## INSTRUCTIONS TO FOLLOW
The reply must repeat the listing below exactly and carry none of its pictures.

## DATA BLOCK
:::
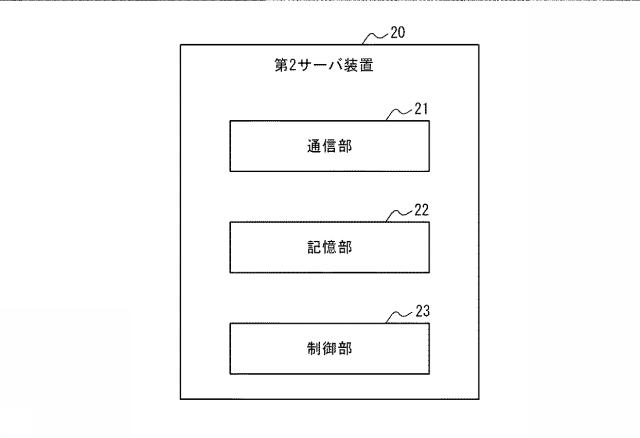 6586137-情報処理システム、サーバ装置、及びプログラム 図000005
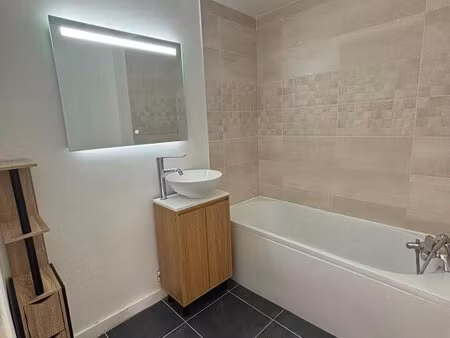 achat : appartement (87100)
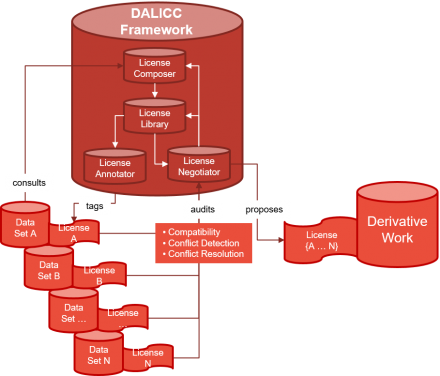 Dalicc In A Nutshell - Dalicc In A Nutshell (440x376)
:::
## COMPLETED TASK
 6586137-情報処理システム、サーバ装置、及びプログラム 図000005
 achat : appartement (87100)
 Dalicc In A Nutshell - Dalicc In A Nutshell (440x376)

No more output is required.